Q-PCR amplification of ligated products was performed in a SmartCycler (Cepheid, Sunnyvale, CA). Each reaction (25 μl) contained 5 pmol forward and 5 pmol reverse M13 primers, 2 μl of the unpurified ligation reaction, 12.5 μl platinum Quantitative PCR SuperMix-UDG (Invitrogen), and 2.5 pmol lacZ and 16S rDNA probes. To simultaneously quantify mutant and wild-type KRAS2, we included both lacZ (for mutated KRAS2) and 16S rDNA (for wild-type KRAS2) probes in the reaction. The PCR reaction included pre-incubation at 50°C for 2 minutes and 95°C for 2 minutes, followed by 50 two-step cycles of 95°C for 10 seconds alternating with 64°C for 20 seconds. For each experiment, a cycle threshold (Ct) was manually set to the middle of the linear range (log scale) of the growth curves.
BstN1 Restrict Digestion-PCR, TA Cloning, and DNA Sequencing
To eliminate wild-type and enrich mutant KRAS2, KRAS2 DNA was first amplified using a forward mutant primer to produce a BstN1 site in only wild-type KRAS2 PCR amplified products. The forward and reverse primers are 5′-AATATAAACTTGTGGTAGTTGGACCT-3′ and 5′-TCAAAGACAAGGCGATATGCT-3′ respectively, where an underlined base in the forward primer is the mutant base required to create a BstN1 site in wild-type KRAS2 DNA. A 30-cycle PCR using AmpliTaq Gold DNA polymerase (Applied Biosystems, Foster City, CA) was performed, yielding a 1031 bp PCR product. A second BstN1 restriction site for both wild-type and mutant KRAS2 PCR products was located 136 bases upstream of the reverse primer. Three fragments (136, 888, and 18 bp) for wild-type KRAS2 and two (136 and 906 bp) for mutated KRAS2 were produced after BstN1 enzyme digestion.

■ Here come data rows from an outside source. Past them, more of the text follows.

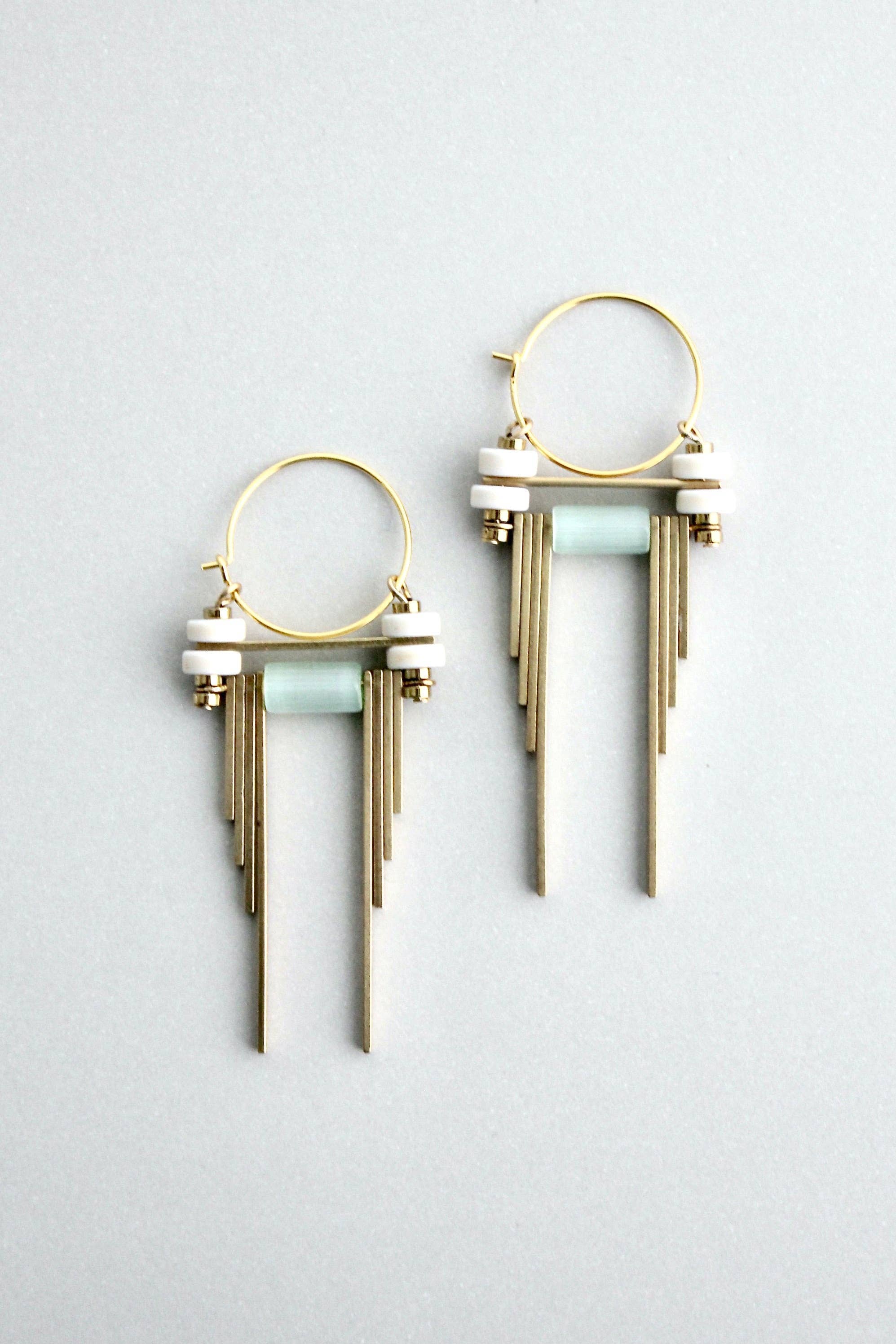 David Aubrey Jewelry - GNDE64 - White and Mint Green Hoop Earrings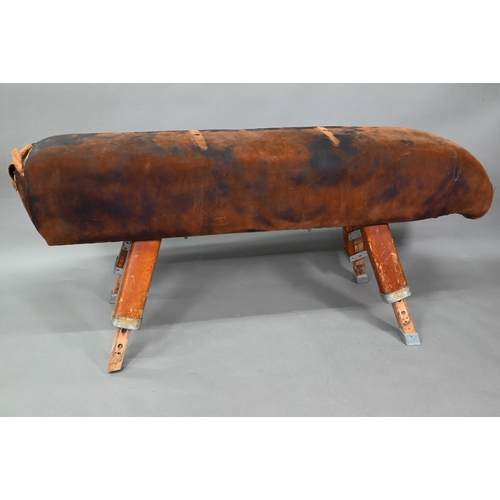 891 - A vintage vault horse, suede covered on adjustable oak legs, approx. 174 cm long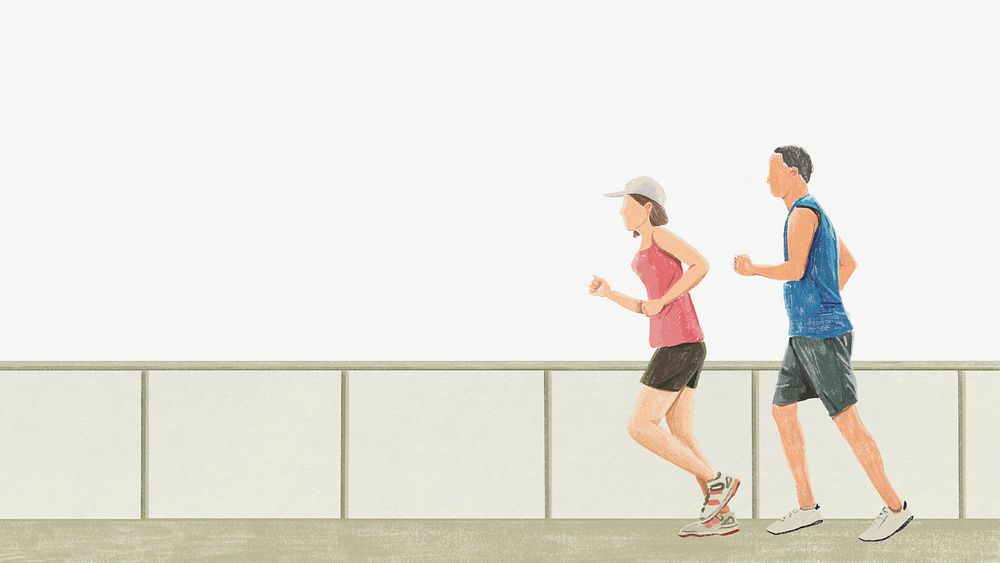People jogging illustration, collage element psd
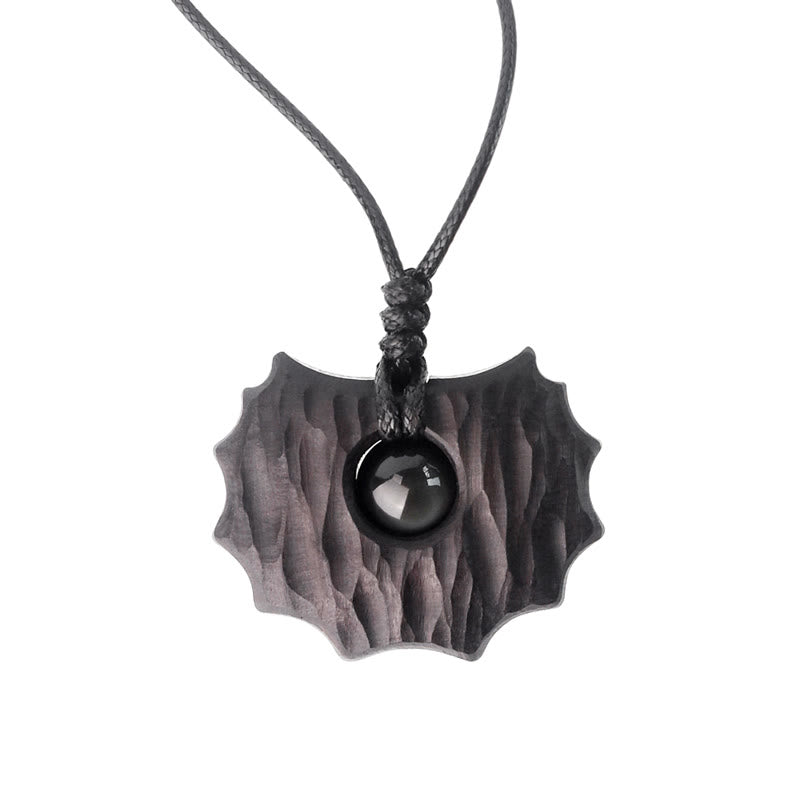 Collier pendentif en obsidienne en bois d'ébène et Buddha Stones de forme irrégulière pour la paix et le calme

Following purification using a Qiagen PCR purification Kit, the PCR product (5 μl) was digested with BstN1 (20 units, New England Biolabs, Beverly, MA) at 65°C for 2 hours. The digestion reaction was analyzed by 2% agarose gel. The restriction digest product (1 μl) was then re-amplified for 35 cycles using the same forward primer and a second reverse primer (R: 5′-CCCTGACATACTCCCAAGGA-3′) located upstream of the second restriction site, and produced a 304 bp PCR product. Wild-type DNA from HeLa cells was used as a negative control. The BstN1-refractory PCR products were saved for TA cloning.
TA Cloning and Sequencing
Purified BstN1 refractory PCR products were cloned into pCRII-TOPO cloning vectors using the TOPO TA Cloning Kit, Version N (Invitrogen). PCR was performed on 20 white colonies using M13 forward and reverse primers. These PCR products were then subjected to BstN1 digestion. The BstN1-refractory PCR products were sequenced using a M13 forward primer, the BigDye Terminator 3.1 Cycle Sequencing Kit and an ABI Prism 3100 Genetic Analyzer (Applied Biosystems).
Results
LigAmp Analyses of KRAS2 Mutations in Bile Samples Obtained from Patients with Biliary Tract Carcinoma Versus Those with Benign Pancreatobiliary Diseases
We first analyzed KRAS2 mutations in bile from 16 patients with biliary tract carcinoma, including 12 extrahepatic cholangiocarcinomas, three intrahepatic cholangiocarcinomas, and one carcinoma of the gallbladder. We had no obvious difficulty amplifying DNA isolated from bile, although bile is known to contain PCR inhibitors.15 The amounts of mutant KRAS2 DNA relative to wild-type KRAS2 are shown in Figure 1A. We detected KRAS2 mutations in 14 of 16 samples (87.5%), and multiple KRAS2 mutations were present in 9 of these 14 positive samples. GAT mutation was the predominant variant in all these samples. The amounts of KRAS2 mutations varied over a wide range, from less than 1% to over 90%. However, majority of the positive samples contained more than 2% of mutant DNA. Preliminary analysis comparing level of mutant KRAS2 with the size and stage of the tumor shows no obvious correlation, although a larger sample size would need to be analyzed for proper analysis. Initial analysis of the cases with multiple mutations versus those with single mutations revealed no obvious correlation to histological grade, size, or stage.
Figure 1.
LigAmp quantification of KRAS2 mutations in bile from patients with and without biliary tract carcinoma. A: Percentage of mutant KRAS2 relative to wild-type KRAS2 detected in bile from 16 patients with biliary tract carcinoma. LigAmp analysis of GAT (G12D), GTT (G12V), and AGT (G12S) KRAS2 mutations shown as blue, red, and yellow bars, respectively. The mean data were obtained from four individual experiments. Percent mutant KRAS2 = mutant KRAS2/(mutant KRAS2+wild-type KRAS2). The data are presented as mean ± SEM. B: Percentage of mutant KRAS2 relative to wild-type KRAS2 detected in serum from 28 patients with benign pancreatobiliary diseases. The data are presented as mean ± SEM from four independent experiments.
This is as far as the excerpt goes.